June 12, 2022担当 北川 裕康

国連が提唱するように、水・食料・エネルギーの結びつきは、SDGsのコアに位置します。また、食品関連は、世界の温室効果ガス排出量の26%を占めており、食品メーカーや加工業者がサステナビリティを高めるよう圧力をかけられているのも理解できます。企業はこの課題をチャンスに変え、サステナビリティと社会的責任に関して高まる消費者の期待に応える製品を作る一方、着実に増加する関連法規の要件を確実に遵守する必要があります。特に製品開発においては、食品企業は製品のサステナビリティを最適化するために、よりスマートに、そして、より真摯に取り組まなければならなくなってきています。

消費者主導への変化

ソーシャルメディアにおけるインフルエンサーの増加や、気候変動を含む、サステナビリティに関するメディア露出の増加は、より多くの消費者が、食品を含め、毎日購入しているものに対する可視性を求めていることを意味します。そして、それは製品そのものだけでなく、パッケージや輸送の方法についても関心を寄せています。

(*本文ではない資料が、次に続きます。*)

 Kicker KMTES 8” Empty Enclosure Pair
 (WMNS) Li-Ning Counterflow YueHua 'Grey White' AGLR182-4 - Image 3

ドイツのGrüne PunktやフランスのAGEC(Anti-Wastage and Circular Economy)など、いくつかの国では包装に関する基準が設けられており、食品メーカーにとってもサステナビリティに関する法律は増加傾向にあることは間違いないでしょう。輸出を拡大したい日本の食品メーカーも他人事ではありません。栄養価やアレルゲンの表示要件が標準化されたように、今後数年間は二酸化炭素排出量や水の使用量などの規制が強化される可能性があります。

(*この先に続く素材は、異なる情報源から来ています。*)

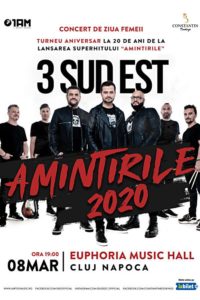 3 Sud Est - Amintirile 2020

企業の「サステナビリティ」の証明は、関心は高いですが、法律的に「営業許可証」にはまだなっていません。しかしサステナビリティを通じて他社との差別化を図る、攻めの姿勢をもった食品企業は増えています。しかし、製品が「サステナブル」であるために満たすべき条件とは何かという定義がまだ曖昧です。特に、新しい「サステナブル」な製品を開発する場合、食品メーカーはおそらくこの課題に直面しています。

サステナビリティの範囲

最も単純かつ基本的なアプローチは、所有または管理されている供給源、つまり食品メーカーの範囲内にあるすべての要因の環境影響を判断することです。さらにもう一歩踏み込んで、事業で消費される電気、蒸気、暖房、冷却の各プロセスによる環境への影響も含めます。しかし、標準的なアプローチは、さらに範囲を広げ、農場から工場までのサプライチェーンの各段階の環境影響を考慮することです。そして、もし業界が本当に真剣にサステナビリティを考えるのであれば、農場だけでなく、廃棄物やリサイクルの選択肢を分析し、循環型経済のループを閉じることに目を向ける必要があります。業界では、食品廃棄を少なくするための動脈と、リサイクルを進める静脈と表現されることがあります。

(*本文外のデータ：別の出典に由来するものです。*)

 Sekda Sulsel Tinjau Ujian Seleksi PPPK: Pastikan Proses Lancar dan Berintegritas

しかし、現在、何が確かなサスタナビリティの報告であるかについてのガイドラインはなく、この点を明確にする必要があります。非財務会計で、ESG(環境、ソーシャル、ガバナンス)の報告を扱うような方向性なので、環境において、いずれは明確になると考えます。

製品ラベリングに一貫性と共通性がないことは、消費者が複数のエコラベルについて明確さを求め、業界自体が必ずしも説明できる立場にないという状況を助長しています。サステナビリティはどこで始まり、どこで終わるのでしょうか?例えば、土壌の肥沃化を促進する農法を提唱する再生農業への関心が高まっており、生産プロセスで使用する水の量を減らそうとするサプライヤーも増えています。コーピー豆のカスを、土壌の改良に使い、生産量を高めるプロジェクトが日本で実施されていると最近聞きました。同時に、サステナビリティには、農家やサプライヤーの社会的・経済的な利益享受の向上も含まれます。推進には、農家やサプライヤーに、義務だけでない、モチベーションが必要ということです。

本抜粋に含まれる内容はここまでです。